United States District Court, E.D. Pennsylvania

October 17, 2017

BT GRANITE RUN, LP, Plaintiff,
v.
BONDEX INSURANCE COMPANY, Defendant.

          MEMORANDUM

          Schiller, J.

         BT Granite Run, L.P. entered into a contract with RCD Group, Inc. as part of the plan to demolish the Granite Run Mall. Bondex Insurance Company (“Bondex”) issued a payment bond and a performance bond related to the project. RCD Group defaulted on the contract to tear down the mall, and BT Granite Run sued Bondex for payment under the bonds. Presently before the Court is Bondex's motion for summary judgment. For the reasons that follow, the motion is denied.

         I. BACKGROUND

         BT Granite Run entered into a written agreement with RCD Group, Inc., in which BT Granite Run agreed to pay RCD Group $455, 400, and RCD Group agreed to provide the labor and materials to demolish the Granite Run Mall. (Compl. Ex. A [Agreement].) Bondex issued a payment bond and a performance bond. (Compl. ¶ 7.) BT Granite Run claims that it is an intended beneficiary under the payment bond and has rights pursuant to both bonds. (Id. ¶ 8.) Under the terms of the payment bond, RCD Group and Bondex jointly and severally agreed with BT Granite Run that “every claimant . . . who has not been paid in full before the expiration of a period of ninety (90) days after the date on which the last of such claimant's work or labor was done or performed, or materials were furnished by such claimant, may sue on this bond as set forth herein for the use of such claimant, prosecute the suit to final judgment for such sum or sums as may be justly due claimant, and have execution thereon.” (Compl. Ex. B [Payment Bond].) A claimant is defined as “one having a direct contract with the Principal for labor, material, or both, used or reasonably required for use in the performance of the contract, labor and material being construed to include that part of water, gas, power, light, heat, oil, gasoline, telephone service or rental or equipment directly applicable to the Contract.” (Id.) The Principal is RCD Group. (Id.) The Payment Bond states that “[i]n no event shall the Surety be liable for an amount in excess of the penal sum of this bond.” (Id.)

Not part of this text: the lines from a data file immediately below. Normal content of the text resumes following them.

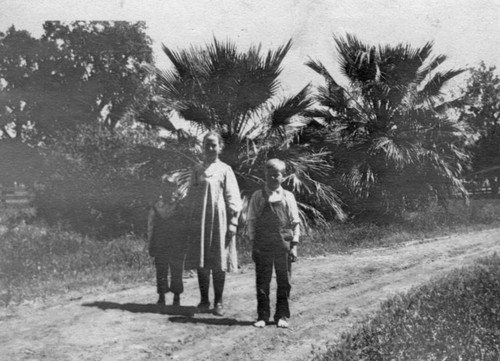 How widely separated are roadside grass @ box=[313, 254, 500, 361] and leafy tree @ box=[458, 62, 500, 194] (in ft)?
44.0

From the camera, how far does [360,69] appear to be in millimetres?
12453

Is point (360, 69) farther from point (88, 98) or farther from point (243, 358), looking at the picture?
point (243, 358)

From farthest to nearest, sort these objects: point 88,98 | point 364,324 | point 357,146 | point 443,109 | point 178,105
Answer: point 88,98
point 443,109
point 357,146
point 178,105
point 364,324

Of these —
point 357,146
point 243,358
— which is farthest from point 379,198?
point 243,358

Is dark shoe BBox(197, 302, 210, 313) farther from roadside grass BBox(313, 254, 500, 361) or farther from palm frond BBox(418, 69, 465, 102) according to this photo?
palm frond BBox(418, 69, 465, 102)

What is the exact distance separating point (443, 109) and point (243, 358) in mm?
11039

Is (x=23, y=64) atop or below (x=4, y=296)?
atop

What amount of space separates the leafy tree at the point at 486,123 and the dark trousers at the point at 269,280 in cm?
1491

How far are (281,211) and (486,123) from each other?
1680 centimetres

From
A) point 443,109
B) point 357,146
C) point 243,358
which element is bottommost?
point 243,358

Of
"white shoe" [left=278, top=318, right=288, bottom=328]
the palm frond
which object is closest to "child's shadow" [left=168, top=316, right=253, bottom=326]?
"white shoe" [left=278, top=318, right=288, bottom=328]

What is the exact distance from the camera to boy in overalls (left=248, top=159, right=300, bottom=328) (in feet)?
15.0

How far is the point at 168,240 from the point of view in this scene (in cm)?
523

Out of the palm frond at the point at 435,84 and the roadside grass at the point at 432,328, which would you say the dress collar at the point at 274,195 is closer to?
the roadside grass at the point at 432,328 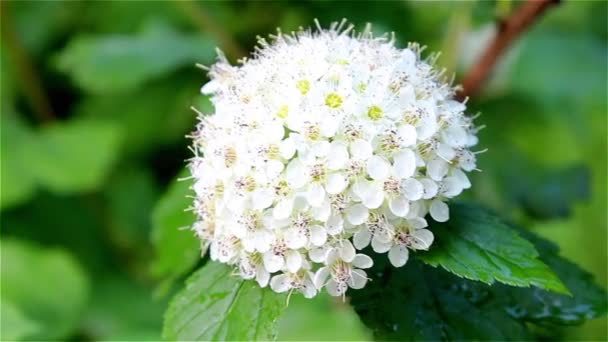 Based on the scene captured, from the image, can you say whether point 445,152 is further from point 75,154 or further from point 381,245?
point 75,154


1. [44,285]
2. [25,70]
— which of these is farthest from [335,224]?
[25,70]

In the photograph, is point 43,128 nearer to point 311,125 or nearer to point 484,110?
point 484,110

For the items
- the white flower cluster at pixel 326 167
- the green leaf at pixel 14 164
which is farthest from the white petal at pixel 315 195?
the green leaf at pixel 14 164

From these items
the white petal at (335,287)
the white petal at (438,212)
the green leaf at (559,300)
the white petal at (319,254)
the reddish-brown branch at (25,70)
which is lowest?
the green leaf at (559,300)

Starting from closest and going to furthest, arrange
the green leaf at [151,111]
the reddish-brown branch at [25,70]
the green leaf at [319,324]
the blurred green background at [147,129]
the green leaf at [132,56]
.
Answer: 1. the green leaf at [319,324]
2. the blurred green background at [147,129]
3. the green leaf at [132,56]
4. the reddish-brown branch at [25,70]
5. the green leaf at [151,111]

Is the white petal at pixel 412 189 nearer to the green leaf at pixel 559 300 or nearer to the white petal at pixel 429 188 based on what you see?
the white petal at pixel 429 188

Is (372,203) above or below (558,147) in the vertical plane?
below

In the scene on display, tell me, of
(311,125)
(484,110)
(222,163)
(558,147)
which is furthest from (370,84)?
(558,147)
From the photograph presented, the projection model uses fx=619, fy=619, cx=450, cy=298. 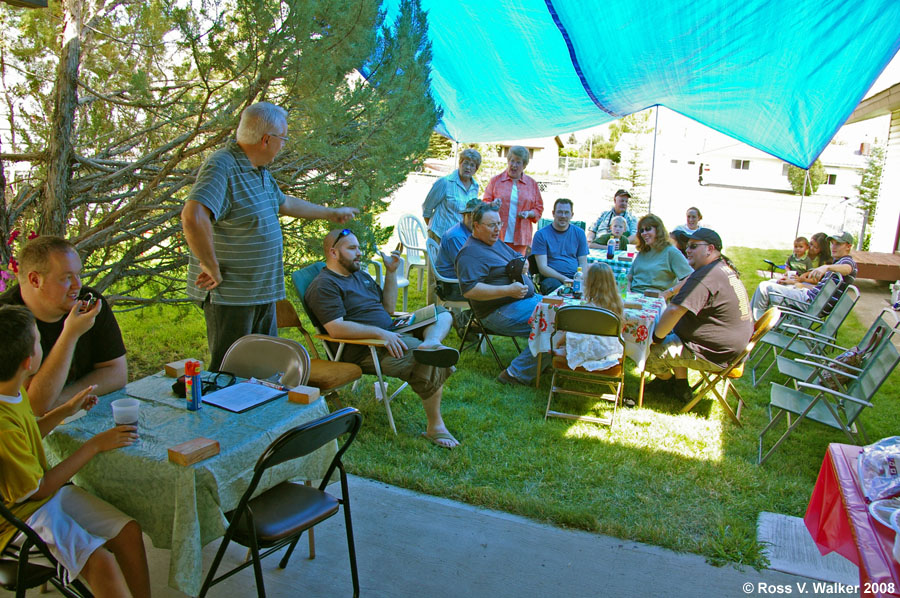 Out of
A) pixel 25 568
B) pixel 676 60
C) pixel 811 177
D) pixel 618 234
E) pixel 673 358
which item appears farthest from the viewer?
pixel 811 177

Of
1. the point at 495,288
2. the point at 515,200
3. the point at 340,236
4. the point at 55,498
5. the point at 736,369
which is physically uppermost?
the point at 515,200

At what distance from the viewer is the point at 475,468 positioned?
11.5ft

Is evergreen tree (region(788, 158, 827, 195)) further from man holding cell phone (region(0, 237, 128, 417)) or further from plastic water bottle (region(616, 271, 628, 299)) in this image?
man holding cell phone (region(0, 237, 128, 417))

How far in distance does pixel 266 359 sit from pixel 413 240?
5.44 m

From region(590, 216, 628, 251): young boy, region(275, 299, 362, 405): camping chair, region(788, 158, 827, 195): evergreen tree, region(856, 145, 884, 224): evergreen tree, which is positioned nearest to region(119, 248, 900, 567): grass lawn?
region(275, 299, 362, 405): camping chair

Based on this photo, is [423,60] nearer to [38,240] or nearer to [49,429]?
[38,240]

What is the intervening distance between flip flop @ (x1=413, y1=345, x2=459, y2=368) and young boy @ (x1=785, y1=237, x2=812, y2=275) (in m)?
5.02

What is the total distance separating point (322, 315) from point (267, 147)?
1.16 metres

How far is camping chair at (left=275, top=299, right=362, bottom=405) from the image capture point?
11.8ft

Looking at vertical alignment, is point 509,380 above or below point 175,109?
below

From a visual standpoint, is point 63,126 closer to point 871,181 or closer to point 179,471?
point 179,471

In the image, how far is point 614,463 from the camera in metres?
3.65

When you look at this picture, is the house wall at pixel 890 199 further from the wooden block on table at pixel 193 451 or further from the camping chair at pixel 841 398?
the wooden block on table at pixel 193 451

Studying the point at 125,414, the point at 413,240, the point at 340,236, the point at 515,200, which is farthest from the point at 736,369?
the point at 413,240
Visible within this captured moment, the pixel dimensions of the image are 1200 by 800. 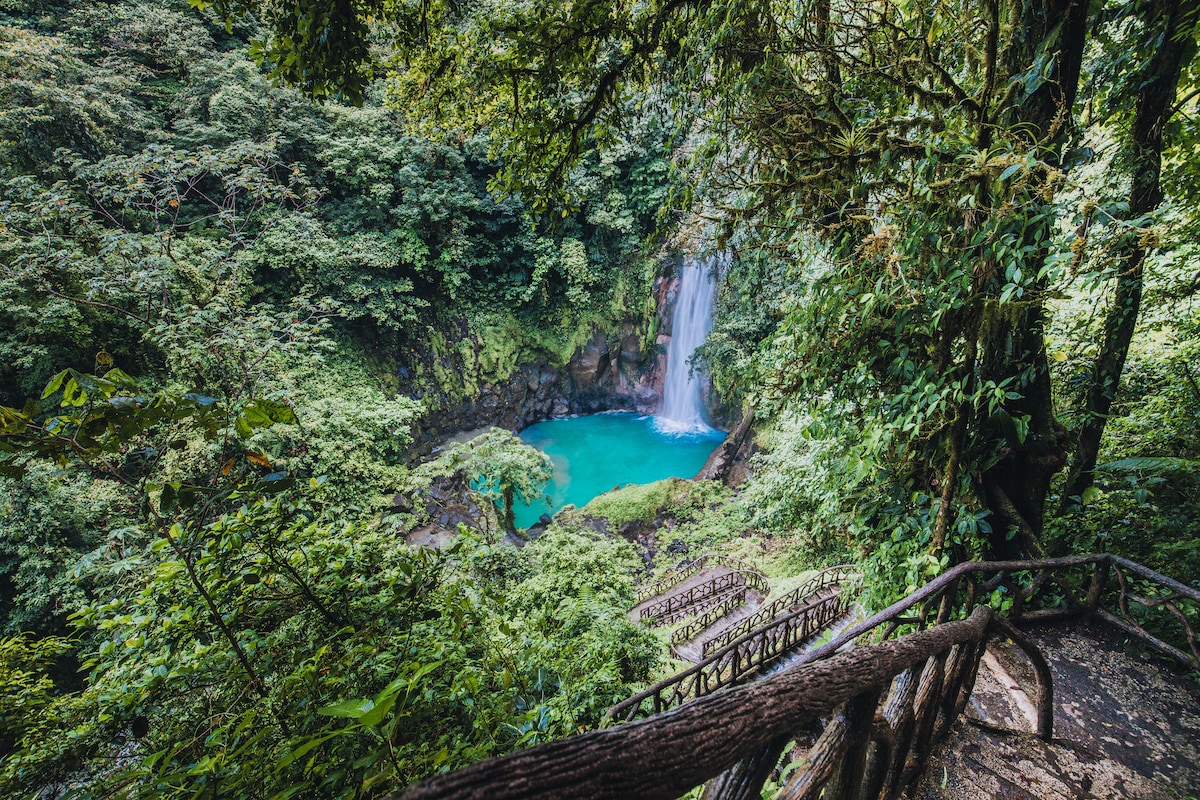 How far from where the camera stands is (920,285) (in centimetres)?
234

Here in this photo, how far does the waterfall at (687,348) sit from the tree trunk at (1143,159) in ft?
49.0

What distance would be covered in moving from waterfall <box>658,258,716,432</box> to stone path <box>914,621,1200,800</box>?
1544 centimetres

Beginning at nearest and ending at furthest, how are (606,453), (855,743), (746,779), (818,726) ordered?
(746,779), (855,743), (818,726), (606,453)

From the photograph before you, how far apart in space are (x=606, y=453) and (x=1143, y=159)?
15.4 meters

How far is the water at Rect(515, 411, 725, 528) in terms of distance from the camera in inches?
589

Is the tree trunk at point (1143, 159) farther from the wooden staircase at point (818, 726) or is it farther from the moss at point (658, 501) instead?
the moss at point (658, 501)

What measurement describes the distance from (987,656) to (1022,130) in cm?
277

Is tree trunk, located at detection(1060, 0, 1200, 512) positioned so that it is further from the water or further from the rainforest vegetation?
the water

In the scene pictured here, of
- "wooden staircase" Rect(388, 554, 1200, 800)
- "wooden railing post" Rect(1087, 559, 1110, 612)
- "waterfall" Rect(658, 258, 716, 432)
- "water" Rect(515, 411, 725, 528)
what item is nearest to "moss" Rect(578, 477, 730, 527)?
"water" Rect(515, 411, 725, 528)

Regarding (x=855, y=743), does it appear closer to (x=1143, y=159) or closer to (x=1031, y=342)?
(x=1031, y=342)

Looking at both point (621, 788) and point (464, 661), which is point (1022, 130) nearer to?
point (621, 788)

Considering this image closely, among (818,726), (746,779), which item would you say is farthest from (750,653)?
(746,779)

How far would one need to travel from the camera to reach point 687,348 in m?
18.6

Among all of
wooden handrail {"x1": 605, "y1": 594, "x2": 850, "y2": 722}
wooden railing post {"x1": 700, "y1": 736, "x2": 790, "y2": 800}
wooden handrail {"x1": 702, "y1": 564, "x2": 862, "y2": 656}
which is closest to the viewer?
wooden railing post {"x1": 700, "y1": 736, "x2": 790, "y2": 800} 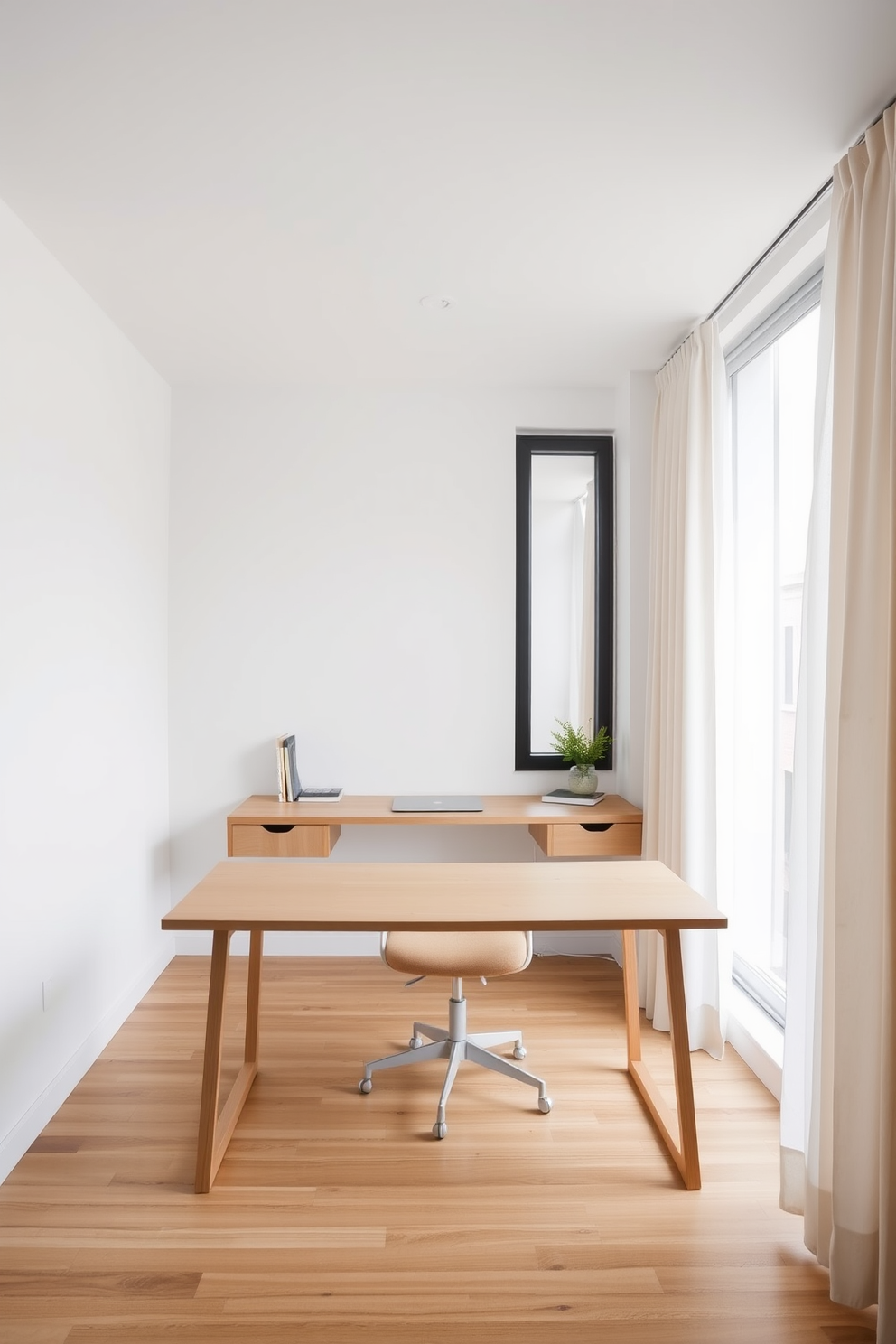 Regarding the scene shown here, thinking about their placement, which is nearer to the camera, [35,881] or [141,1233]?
[141,1233]

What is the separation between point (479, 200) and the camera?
225 centimetres

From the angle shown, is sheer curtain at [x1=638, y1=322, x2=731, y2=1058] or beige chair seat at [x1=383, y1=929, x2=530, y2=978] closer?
beige chair seat at [x1=383, y1=929, x2=530, y2=978]

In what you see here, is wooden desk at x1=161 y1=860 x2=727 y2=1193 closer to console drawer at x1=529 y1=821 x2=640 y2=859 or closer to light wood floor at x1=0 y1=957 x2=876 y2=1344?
light wood floor at x1=0 y1=957 x2=876 y2=1344

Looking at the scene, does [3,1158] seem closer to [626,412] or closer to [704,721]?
[704,721]

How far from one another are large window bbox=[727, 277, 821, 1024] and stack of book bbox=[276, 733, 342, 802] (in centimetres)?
169

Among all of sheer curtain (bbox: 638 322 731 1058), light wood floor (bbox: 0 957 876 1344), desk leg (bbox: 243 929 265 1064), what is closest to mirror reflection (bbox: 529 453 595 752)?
sheer curtain (bbox: 638 322 731 1058)

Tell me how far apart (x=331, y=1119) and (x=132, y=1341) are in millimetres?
849

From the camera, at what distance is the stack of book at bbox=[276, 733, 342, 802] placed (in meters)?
3.58

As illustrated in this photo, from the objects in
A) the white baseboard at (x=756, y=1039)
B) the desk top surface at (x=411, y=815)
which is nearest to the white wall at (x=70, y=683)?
the desk top surface at (x=411, y=815)

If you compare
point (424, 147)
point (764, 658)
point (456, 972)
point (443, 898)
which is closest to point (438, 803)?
point (456, 972)

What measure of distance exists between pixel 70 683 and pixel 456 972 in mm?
1518

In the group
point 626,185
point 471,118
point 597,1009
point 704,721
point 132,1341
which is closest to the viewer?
point 132,1341

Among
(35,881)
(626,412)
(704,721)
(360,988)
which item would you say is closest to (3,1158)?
(35,881)

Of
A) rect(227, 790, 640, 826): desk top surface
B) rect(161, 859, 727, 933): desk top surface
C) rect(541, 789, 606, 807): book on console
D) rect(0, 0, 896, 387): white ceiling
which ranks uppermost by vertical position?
rect(0, 0, 896, 387): white ceiling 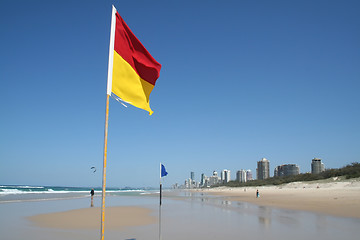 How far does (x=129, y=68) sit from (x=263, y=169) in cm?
15212

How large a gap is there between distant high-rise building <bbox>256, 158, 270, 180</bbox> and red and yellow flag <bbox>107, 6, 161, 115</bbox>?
150 m

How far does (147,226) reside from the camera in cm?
1359

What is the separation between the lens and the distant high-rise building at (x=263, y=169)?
147m

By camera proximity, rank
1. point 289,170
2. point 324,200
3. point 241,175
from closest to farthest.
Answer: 1. point 324,200
2. point 289,170
3. point 241,175

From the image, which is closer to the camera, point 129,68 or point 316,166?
point 129,68

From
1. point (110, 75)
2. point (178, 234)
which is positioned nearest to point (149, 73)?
point (110, 75)

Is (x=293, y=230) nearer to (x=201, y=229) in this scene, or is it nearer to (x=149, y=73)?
(x=201, y=229)

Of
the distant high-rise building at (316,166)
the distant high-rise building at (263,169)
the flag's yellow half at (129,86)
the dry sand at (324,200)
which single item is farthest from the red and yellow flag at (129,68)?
the distant high-rise building at (263,169)

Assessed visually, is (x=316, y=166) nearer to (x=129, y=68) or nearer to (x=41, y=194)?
(x=41, y=194)

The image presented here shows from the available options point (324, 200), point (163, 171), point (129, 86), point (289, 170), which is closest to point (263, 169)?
point (289, 170)

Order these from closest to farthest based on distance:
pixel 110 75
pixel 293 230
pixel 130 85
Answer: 1. pixel 110 75
2. pixel 130 85
3. pixel 293 230

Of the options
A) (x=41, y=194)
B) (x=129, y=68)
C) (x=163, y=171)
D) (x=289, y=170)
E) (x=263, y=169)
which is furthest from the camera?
(x=263, y=169)

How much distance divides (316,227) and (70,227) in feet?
40.2

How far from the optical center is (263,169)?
148750 mm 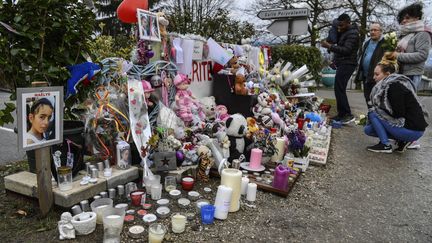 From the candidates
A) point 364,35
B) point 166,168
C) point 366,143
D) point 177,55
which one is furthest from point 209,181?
point 364,35

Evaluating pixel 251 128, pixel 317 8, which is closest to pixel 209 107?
pixel 251 128

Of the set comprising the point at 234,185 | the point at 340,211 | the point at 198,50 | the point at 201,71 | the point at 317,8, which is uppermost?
the point at 317,8

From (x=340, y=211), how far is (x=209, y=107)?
2026 mm

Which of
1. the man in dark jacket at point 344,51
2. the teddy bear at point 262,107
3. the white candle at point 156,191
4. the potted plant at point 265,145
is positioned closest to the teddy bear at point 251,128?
the potted plant at point 265,145

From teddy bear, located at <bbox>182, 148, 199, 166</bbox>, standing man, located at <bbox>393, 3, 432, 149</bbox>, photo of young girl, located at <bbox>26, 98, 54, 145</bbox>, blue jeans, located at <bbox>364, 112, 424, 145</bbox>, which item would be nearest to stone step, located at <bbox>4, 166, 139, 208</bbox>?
photo of young girl, located at <bbox>26, 98, 54, 145</bbox>

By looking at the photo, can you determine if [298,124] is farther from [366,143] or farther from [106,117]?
[106,117]

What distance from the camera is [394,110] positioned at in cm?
389

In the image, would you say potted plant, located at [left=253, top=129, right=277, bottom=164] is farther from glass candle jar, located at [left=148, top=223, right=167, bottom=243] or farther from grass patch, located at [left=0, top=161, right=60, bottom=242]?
grass patch, located at [left=0, top=161, right=60, bottom=242]

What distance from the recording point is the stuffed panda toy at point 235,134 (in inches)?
124

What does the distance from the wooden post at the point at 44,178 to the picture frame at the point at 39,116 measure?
90 mm

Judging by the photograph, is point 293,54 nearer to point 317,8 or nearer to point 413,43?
point 413,43

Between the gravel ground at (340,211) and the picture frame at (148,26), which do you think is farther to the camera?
the picture frame at (148,26)

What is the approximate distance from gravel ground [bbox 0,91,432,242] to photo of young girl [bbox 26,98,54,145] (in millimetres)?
599

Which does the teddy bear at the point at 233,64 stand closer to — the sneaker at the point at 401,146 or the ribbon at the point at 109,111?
the ribbon at the point at 109,111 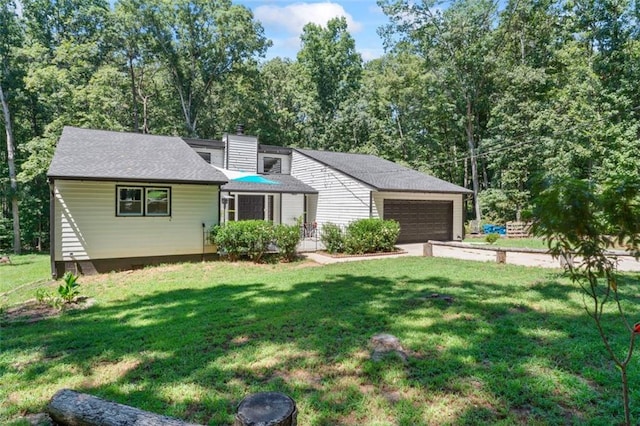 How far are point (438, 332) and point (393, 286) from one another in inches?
117

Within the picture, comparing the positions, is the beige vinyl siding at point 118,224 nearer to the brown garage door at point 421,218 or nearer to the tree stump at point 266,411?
the brown garage door at point 421,218

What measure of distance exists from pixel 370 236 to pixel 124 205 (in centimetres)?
822

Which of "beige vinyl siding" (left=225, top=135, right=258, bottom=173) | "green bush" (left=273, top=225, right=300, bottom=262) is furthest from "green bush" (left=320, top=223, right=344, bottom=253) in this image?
"beige vinyl siding" (left=225, top=135, right=258, bottom=173)

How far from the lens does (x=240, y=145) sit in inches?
749

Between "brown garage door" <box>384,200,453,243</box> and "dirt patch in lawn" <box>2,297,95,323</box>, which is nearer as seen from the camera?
"dirt patch in lawn" <box>2,297,95,323</box>

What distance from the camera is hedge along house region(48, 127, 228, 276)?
10008mm

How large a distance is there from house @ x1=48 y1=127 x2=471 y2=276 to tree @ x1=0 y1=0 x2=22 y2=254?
27.8 ft

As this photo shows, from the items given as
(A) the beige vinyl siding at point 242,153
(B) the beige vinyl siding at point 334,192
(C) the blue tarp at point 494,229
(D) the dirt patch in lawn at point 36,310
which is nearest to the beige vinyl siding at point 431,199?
(B) the beige vinyl siding at point 334,192

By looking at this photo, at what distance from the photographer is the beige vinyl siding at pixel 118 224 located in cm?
1002

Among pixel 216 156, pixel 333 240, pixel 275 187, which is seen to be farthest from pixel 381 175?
pixel 216 156

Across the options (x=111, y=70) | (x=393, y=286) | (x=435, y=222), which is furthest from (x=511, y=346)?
(x=111, y=70)

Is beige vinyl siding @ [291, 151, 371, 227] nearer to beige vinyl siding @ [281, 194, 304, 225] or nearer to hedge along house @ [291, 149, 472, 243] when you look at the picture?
hedge along house @ [291, 149, 472, 243]

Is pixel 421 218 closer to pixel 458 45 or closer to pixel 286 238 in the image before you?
pixel 286 238

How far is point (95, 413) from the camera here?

         The Performance Bond includes a penal sum of $455, 400 and states that “no one other than the named “Obligee” shall have any right of action under this bond.” (Compl. Ex. C [Performance Bond].) The obligee is BT Granite Run. (Id.) The Performance Bond states that

If the Principal is in default under the contract and the Obligee has declared the Principal in default, the Surety may remedy the default or shall: A. Complete the work, through the Principal or otherwise; B. Arrange for the completion of the work by a contractor acceptable to the Obligee, or C. Waive its right to complete and reimburse Obligee the amount of its reasonable costs to complete the Work less the Contract balance, not to exceed the Bond Sum.

(Id.) The Performance Bond also states that “[i]n no event shall the Surety be liable for an amount in excess of the penal sum of this bond.” (Id.)

         RCD Group defaulted and BT Granite Run sued it on December 9, 2016. (Compl. ¶ 11.) BT Granite Run's lawsuit against Bondex includes a claim for breach of the payment bond and a claim for breach of the performance bond.

         BT Granite Run has produced evidence that it has made direct payments to subcontractors to complete work that RCD Group failed to complete and to defend BT Granite Run's property against mechanics' lien claims filed by subcontractors. (Pl.'s Br. in Opp'n to Def.'s Mot. for Summ. J. [Pl.'s Opp'n] Ex. 1 [Krauss Aff.]; Exs. A-M [Evidence of mechanics' liens].)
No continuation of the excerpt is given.